Saturday March 2nd… Dear Diary. The main purpose of this ongoing post will be to track United States extreme or record temperatures related to climate change. Any reports I see of ETs will be listed below the main topic of the day. I’ll refer to extreme or record temperatures as ETs (not extraterrestrials)😉
Spring Average Temperature Forecast For The United States
Welcome to boreal spring everyone, or the three months that are March through May. Meteorologically and on climate summaries spring is considered to start on March 1st instead of when the equinox occurs later in the month. So how will spring 2019 stack up compared to long term temperature averages across the United States? Will we continue to see the climate change signature of warmth? Let’s try to make a forecast as usual at the start of a new season.
So how did the forecast work out for winter 2018/19? Here is the post for that forecast:
Let’s fill in the ranking data through January for the verification:
Indeed the winter started out mild but got progressively colder relative to average across the lower 48 states. I suspect that February will be close to the average ranking of 62 once data for that month is processed around March 7th. As forecast the ranking for winter 2018/19 should be around 90 + or – 10, but we won’t know until NCEI averages are processed in a few days.

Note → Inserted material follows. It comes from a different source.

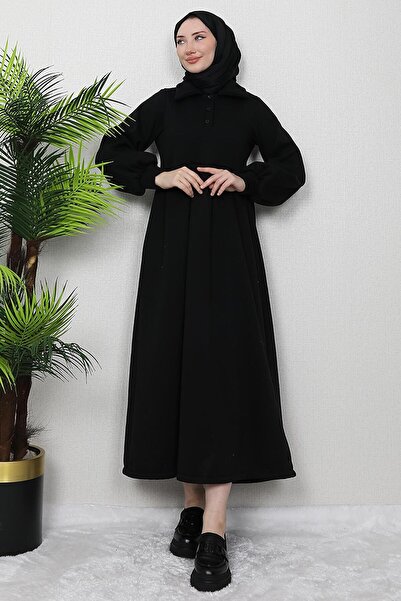 giz astore Şevval Düğmeli Elbise Siyah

All this means that as suspected the winter turned out to be slightly above average temperature wise across most of the U.S. If you live anywhere across the northern tier of states and in particular the Midwest you may be asking where is global warming? Brrr. We need it! Well, be careful what you are asking for. 😉
O.k. Now that we have established that our forecast was half decent for the last season let’s use the same techniques to forecast temperature rankings for this spring.

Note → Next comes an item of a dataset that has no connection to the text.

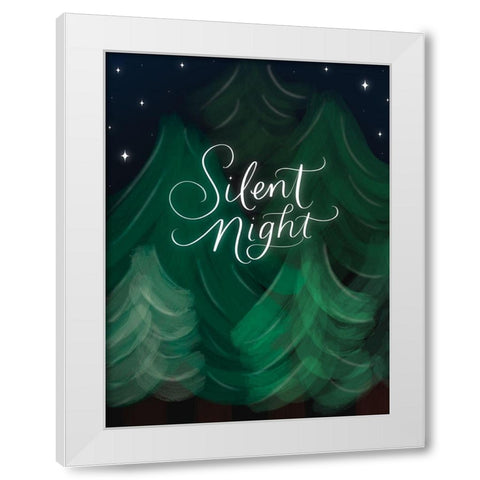 Silent Night White Modern Wood Framed Art Print by Batista, Dee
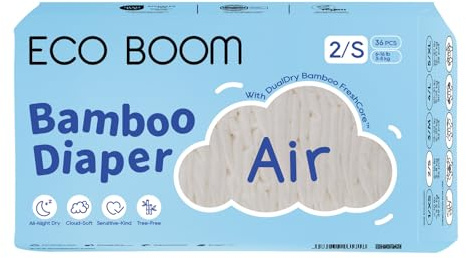 ECO BOOM Air Diapers, Bamboo Viscose, Tree-Free & Gentle for Sensitive Skin, Ultra Soft & Breathable, Reliable Overnight Protection, Size 2, 6-16 lbs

First, let’s look at current water temperatures anomalies surrounding North America:
These have cooled off considerably off the West Coast since December 1st due to strong cold systems moving into that area over the winter. Temperatures remain above average from the Gulf Coast into much of the Northeast coast. Off hand I’d say that sea surface temperatures look to be a wash affecting air temperatures across the United States except that we see the presence of a weak but developing El Nino. If the El Nino gets up to moderately strong levels during spring expect this feature to tip the balance towards warmth.

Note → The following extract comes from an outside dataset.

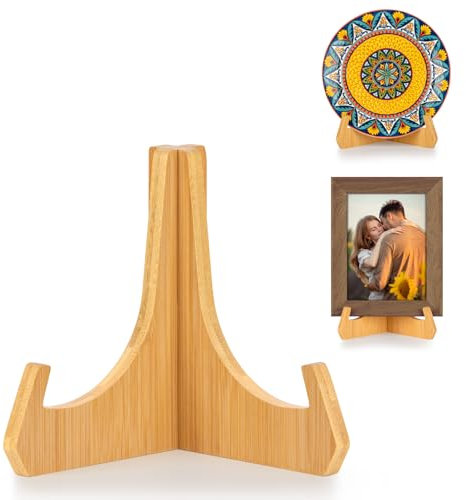 ANBOXIT Tellerständer zur Aufsteller, 6 Zoll Tellerhalter, Bambus Fotoaufsteller Bilderrahmen Ständer, Tisch Mini Staffelei, Dekorative Ständer & Stützen für Platten, Bücher, und Plaketten (1 Stück)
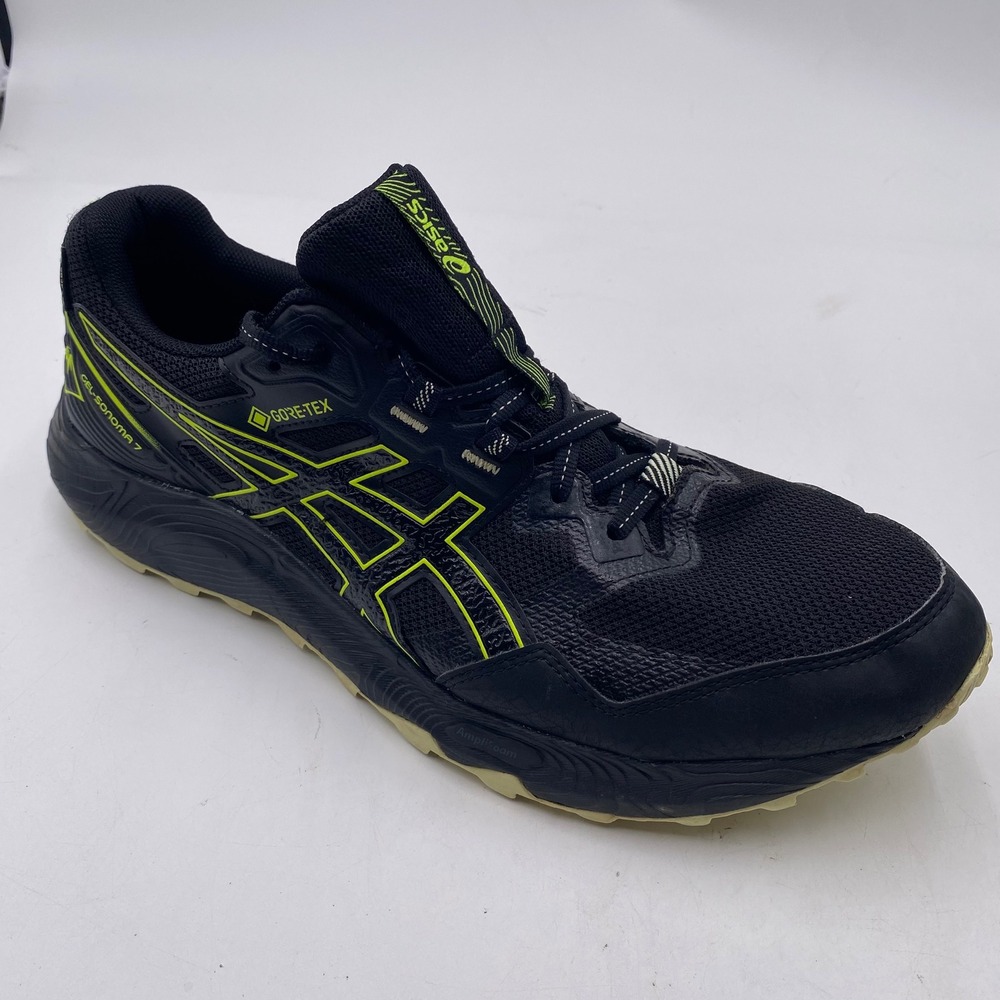 ASICS Gel-Sonoma 7 GTX Trail Running Shoes Men 11.5 Black Lime Waterproof Gortex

Second, I like to look at the strength of the Hudson Bay low or polar vortex at the start of any season:
There is no Hudson Bay low per se, but there is a vortex in southern Canada that is poised to unleash some very cold air into the lower 48 states the first week of March. More record ETs should get reported across the Midwest from this. Early spring posies may get nipped in my neck of the woods, Atlanta, from a below freezing airmass, which should urge southward to the Gulf Coast.
Looking at the weather pattern, though, this might be the last strong, widespread arctic surge of the winter. I suspect that March will be a slightly below average month considering any lack of substantial future polar surges after its first week. Here is the NWS forecast for March, which I agree with:
Last, we can get another clue looking at prior ranking and temperature record count data. For this I like to drag out that “Record Scoreboard” (updated through 2/26/19):
Again here we see clues that winter started out mild but got progressively colder. January and February are colored “black” because ratios of daily high max to low min records are near one to one, although tallies slightly favor more warm records than cold. I expect that this trend will continue in March and would not be surprised to see a “blue” month of more daily record min records reported than maxes.
After March I expect a warming trend for April and May, but am very uncertain how anomalous these months will be. Last year we saw a cold April transitioning quickly to a very hot May as surrounding warm global anomalies snuffed out a remaining cold pocket across North America. In 2019 expect more surprises.
Here is the NWS official forecast for spring:
I can’t argue much with the National Weather Service forecast except to suggest that there may be a small below average area in the northern Plains due to very deep snow cover.
Not all seasons in the near future will see above average temperatures, but seasonal forecasters are beginning to”chuck it,” discounting colder than average scenarios due to carbon pollution.
So here are my forecast ranking numbers:
Notice that the past four springs had a ranking at or above 103, but that of 2013 had a cold ranking of 40. As of 2019 the top ranking for any month or season would be 125 since climatological rankings for the United States started in the year 1895. I think that this spring will be ranked below that of the last four. Carbon pollution is definitely making below average seasons more rare. I’m going to guess that the spring of 2019 ranking will be around 80 + or – 10, with average confidence given all of the factors in this post. My forecast is that March will see the lowest monthly average ranking with May having the warmest relative averages, which is going out on a limb a little more. BTW the winter did cool off instead of get milder as originally forecast last time around. Let’s see if this forecast will be a bust or like the last few fairly decent.😎
Here is some more weather and climate news from Saturday:
(As usual, this will be a fluid post in which more information gets added during the day as it crosses my radar, crediting all who have put it on-line. Items will be archived on this site for posterity. In most instances click on the pictures of each tweet to see each article.)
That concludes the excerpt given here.